Les Mills GRIT STRENGTH– high intensity interval training, aimed at working out the main muscle groups and developing strength endurance. Thanks to a set of exercises using dumbbells, barbells and a fitness platform, all major muscle groups are involved and toned. At the end of the program, the metabolism in the body continues for another 9 hours, which guarantees the burning of fat and promotes the growth of muscle tissue.

Les Mills GRIT PLYO- a program aimed at strengthening the muscles of the legs and hips and developing speed-strength qualities. 30 minutes of intensive workout "for wear" allows you to achieve best results in the shortest possible time. During training, a fitness platform is used, with the help of which intensive physical exercise. Training allows you to change the structure of the muscles, giving the figure a sporty and toned shape.
LES MILLS GRIT classes are quite intense, but easy ways to noticeable result can not be. If you want to go to new level physical training, Les Mills Grit is what you need. Be sure to consult with a trainer: he will tell you how to adapt the exercises to your abilities and wishes.

About Les Mills:

All Les Mills programs are developed by professional choreographers, physiotherapists, music editors and tested at the Les Mills Institute in New Zealand.
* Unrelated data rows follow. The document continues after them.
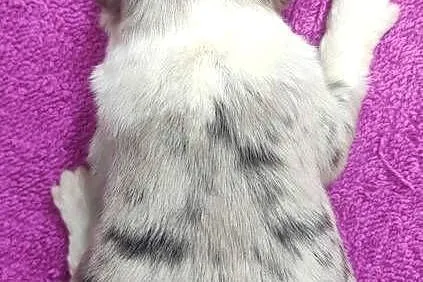 Szczenię BORDER COLLIE z Hodowli - Rasowy pies z pełną dok., Małopolskie, Kraków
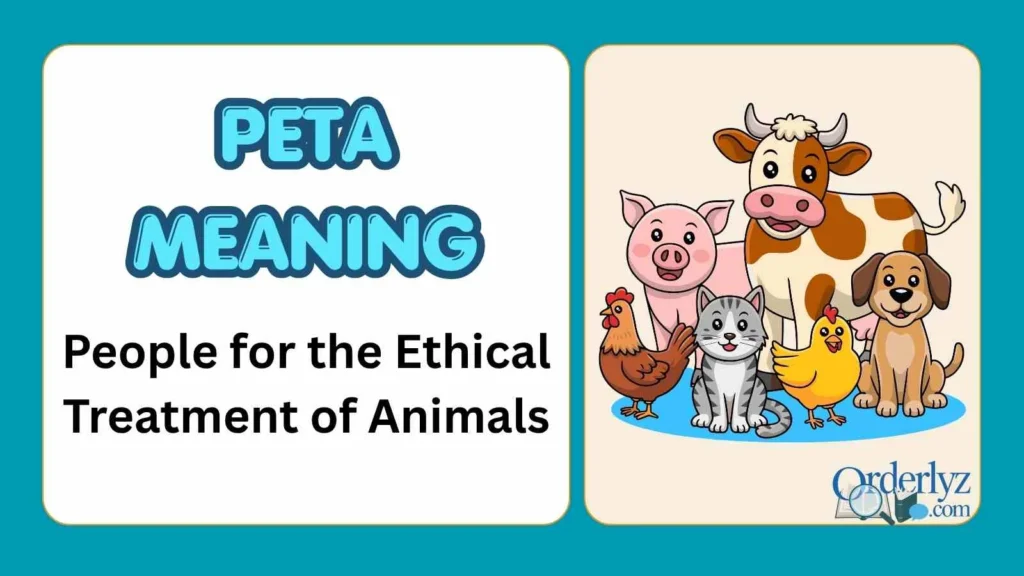 Peta Meaning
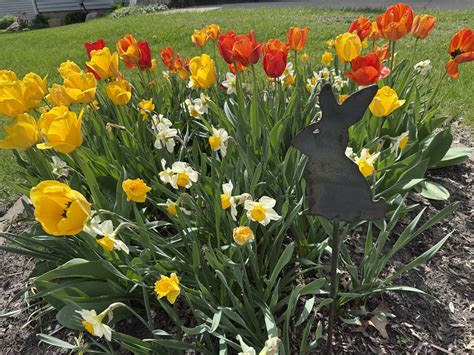 Harmony at State College - We are excited to announce our NEW Signature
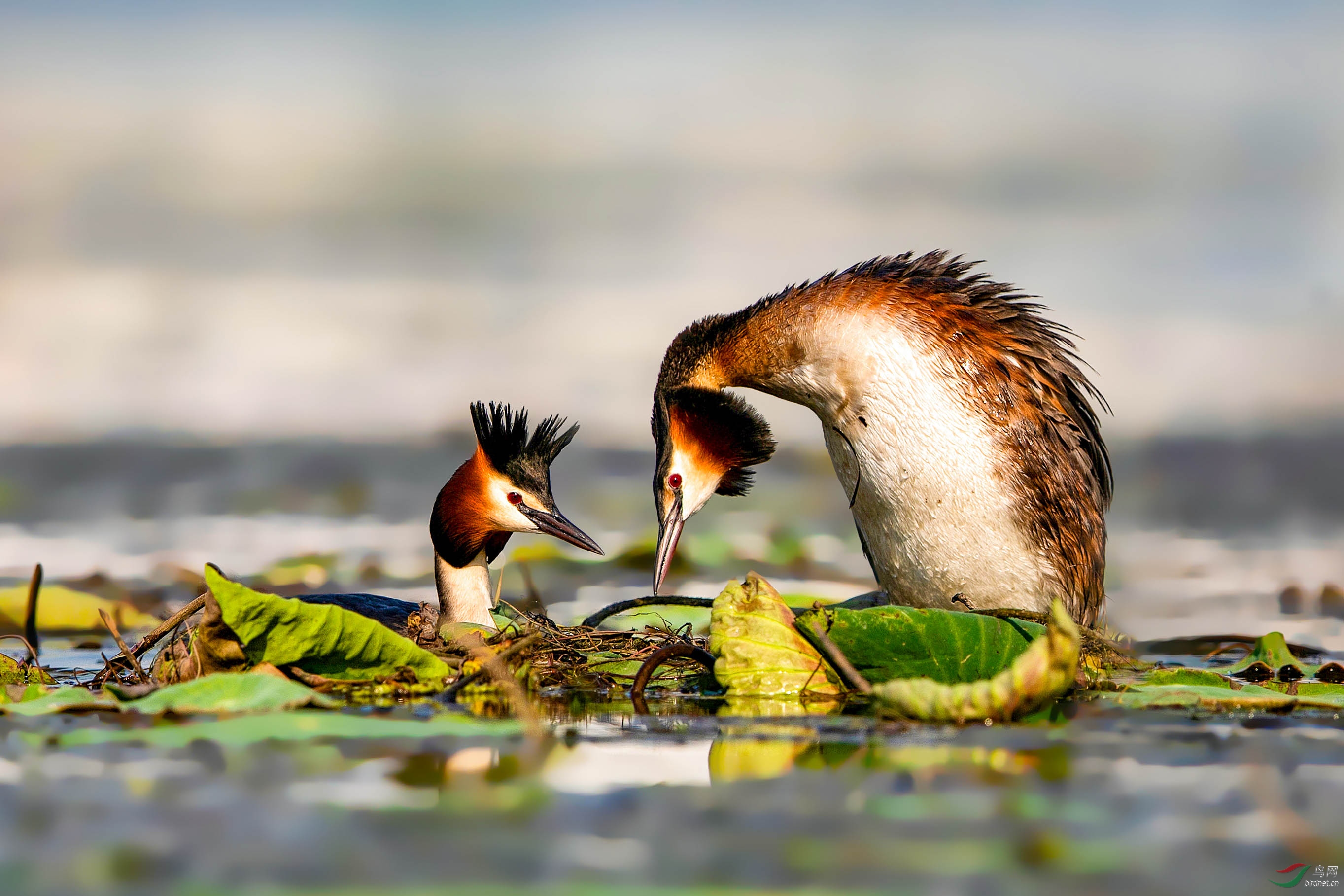 热恋中的凤头鸊鷉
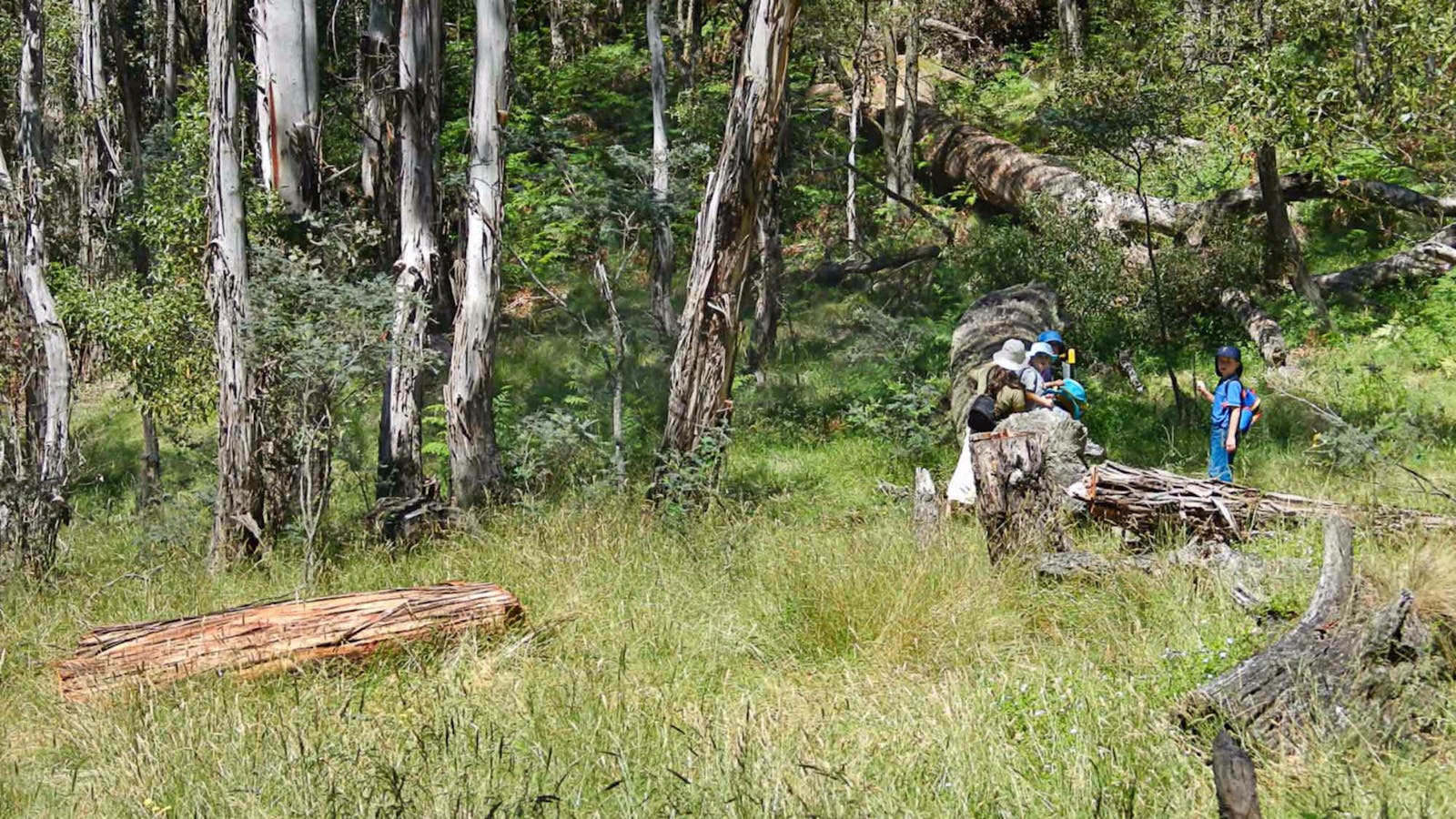 Federal Falls Walk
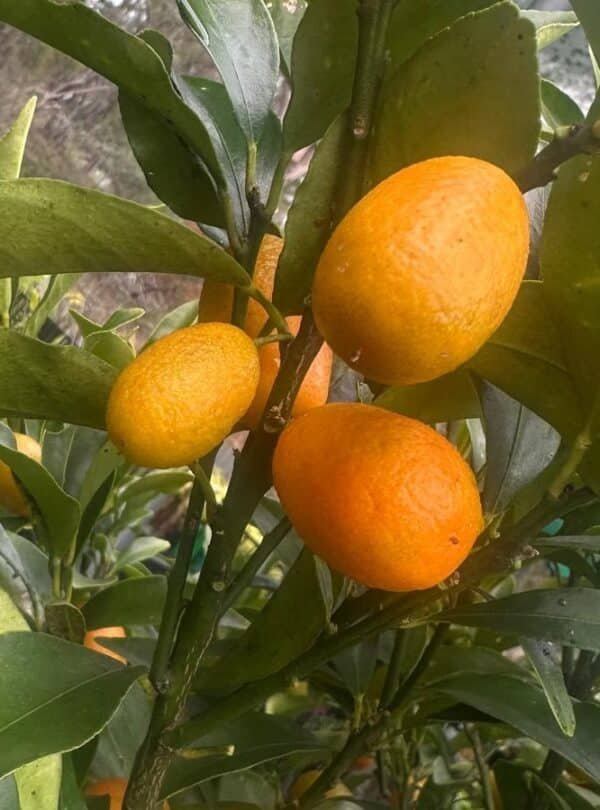 Calamondin-Cumquat-Oval_GardenView-Nursery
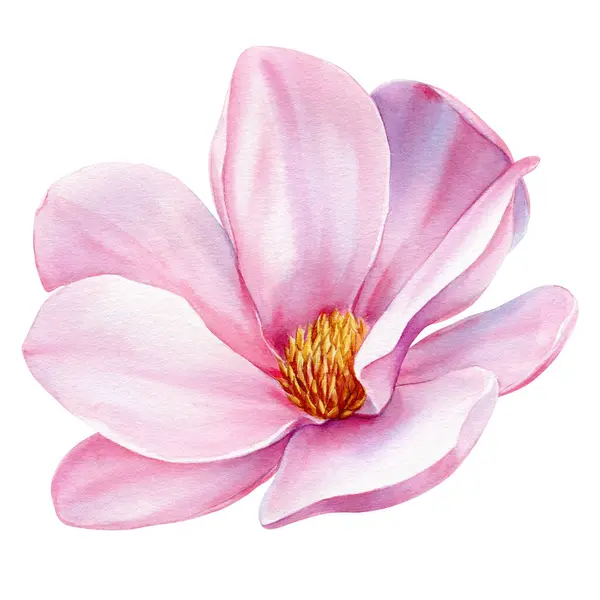 Aquarel Magnolia Bloem Prachtige Roze Lente Magnolia Bloemen Een Boom — Stockfoto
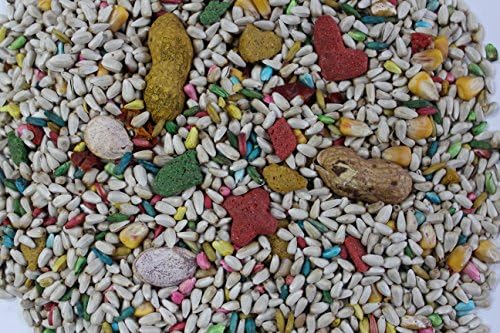 L'Avian Plus Premium Fortified Parrot No Sunflower - 25 Lbs.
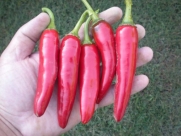 Santa Fe Grande 10 Seeds By Pepper Gardeners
The network of fitness clubs No. 1 World Class presents 9 programs from the world leader in group programs Les Mills. Les Mills programs are distinguished by a given format: all elements of the lesson (load, alternation muscle groups, mode of operation, pauses for rest) are combined into a strict, scientifically based sequence. Those involved are laid out in full force throughout the course of the lesson. This allows you to increase the effect of the session by 15–20% (data from the Les Mills Institute). Les Mills programs are suitable for all fitness levels. They are designed in such a way that both beginners and trained athletes can study in one lesson, while everyone will work to the limit of their own capabilities, achieving maximum results. Training is carried out only by specially trained and certified instructors.
We are waiting for you in our clubs for a super intensive Les Mills GRIT workout!*

*The program is also available in World Class LITE clubs

Choosing a Les Mills GRIT workout - you choose the result!
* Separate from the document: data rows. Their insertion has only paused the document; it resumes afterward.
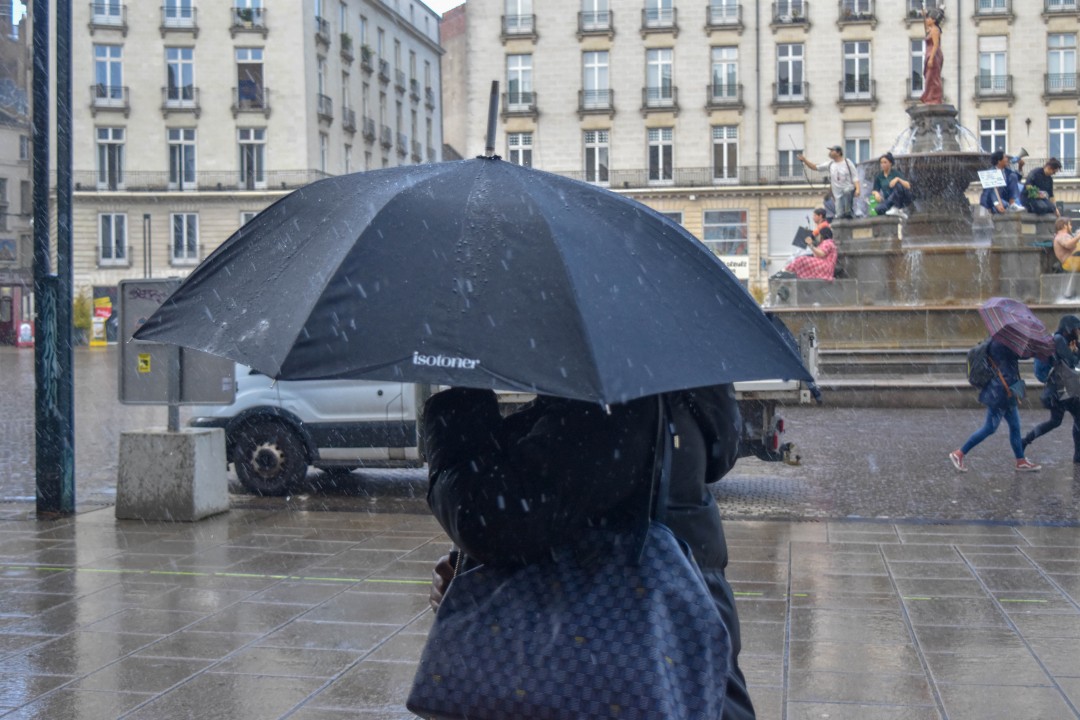 Place Royale, 44000 Nantes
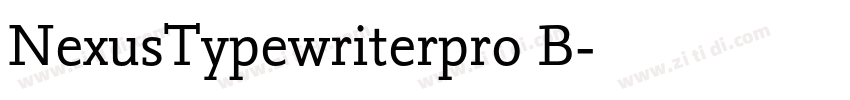 NexusTypewriterpro B字体转换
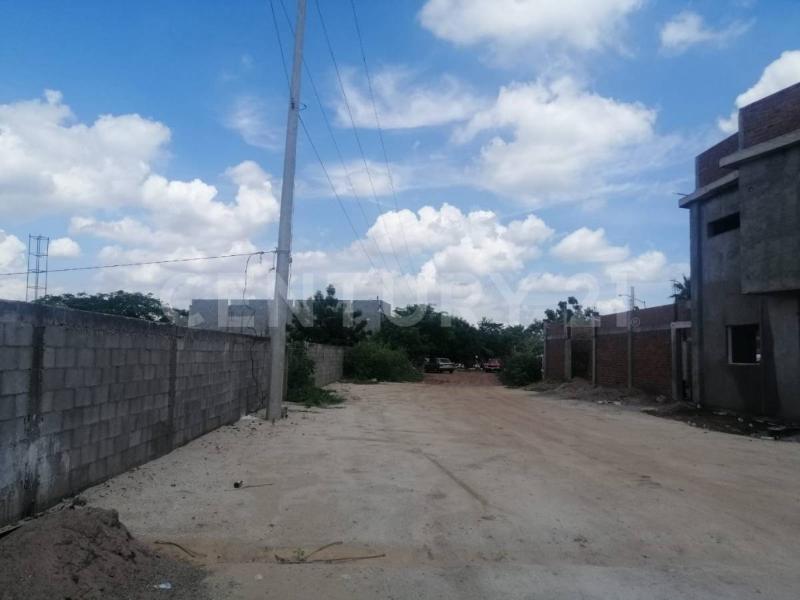 Land For Sale, Sinaloa 80029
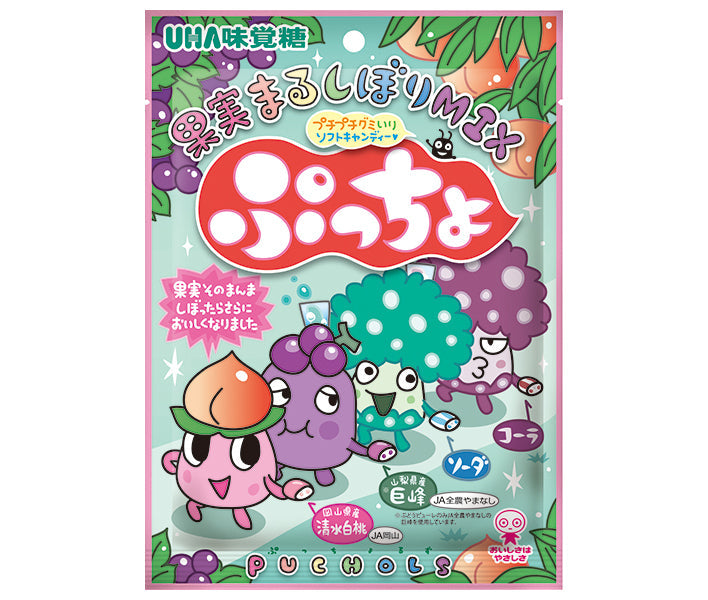 UHA味覚糖 ぷっちょ袋 4種アソート 88g×6個入【日本出荷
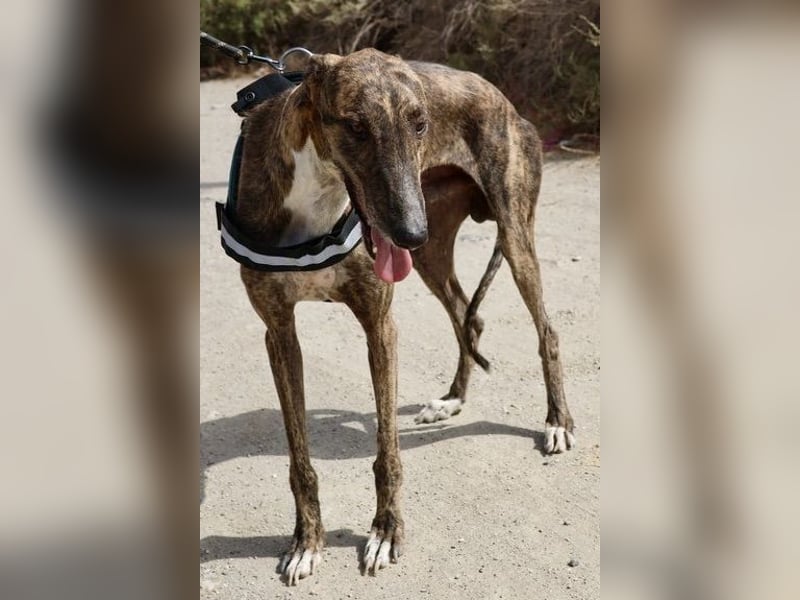 Dolar -  lässt sich gerne anfassen, aufmerksam und lernwillig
As we said, our latest posts will be a bit mixed since they were interrupted by the May holidays. Our interactive infographic "" was released on Monday, yesterday we again remembered about and brought to your attention several videos with simple exercises and today we return to strength training, and talk about another option for high-intensity training - Grit Strength.

We have already touched on the topic of training, today we will talk about another high-intensity interval training - Grit Strength. This is a whole direction that includes 10 training options: BODYATTACK ™ , BODYBALANCE ™ , BODYCOMBAT ™ , BODYJAM ™ , BODYPUMP ™ , BODYSTEP ™ , BODYVIVE ™ , RPM ™ , SH'BAM ™ and CXWORX ™ .

The duration of training is from 30 to 55 minutes (it all depends on the intensity).

BODYATTACK™- cardio training that develops endurance and strength.

BODYBALANCE™ is a mixture of yoga, tai chi and Pilates, and teaches you to control your breath, develop flexibility and a sense of balance.

BODYCOMBAT™ is a mixture of exercises from various martial arts - karate, boxing, taekwondo, tai chi and muay thai.

BODYJAM™ It's an easy dance workout!

BODYPUMP™- this is work with pumps (sports equipment). The workout is an alternation of various exercises with low weight, but a lot of repetitions, and is great for "burning" extra centimeters at the waist;)

BODYSTEP™- a rather unusual step training with simple choreography.

BODYVIVE™- training with the use of special balls. One workout is aimed at working out a specific muscle group.

RPM™- training on exercise bikes according to a special program.

SH'BAM™ suitable for lovers modern dance and Latins.

CXWORX™ is working on upper part body: back, abs and buttocks.

To teach these programs, you need to get special certificates, and the training series are updated every 3 months, but some trainers study the programs on their own and offer trial workouts to their clients.

Personally, I attended two workouts - BODYBALANCE ™ and BODYPUMP ™, since they do not require any special equipment, and you can do them in any sports club. At first it was quite difficult, because literally after 10 minutes you already start to suffocate, but over time this problem went away and, most importantly, these classes significantly affected the running results - it became easier to run and breathing practically did not go astray.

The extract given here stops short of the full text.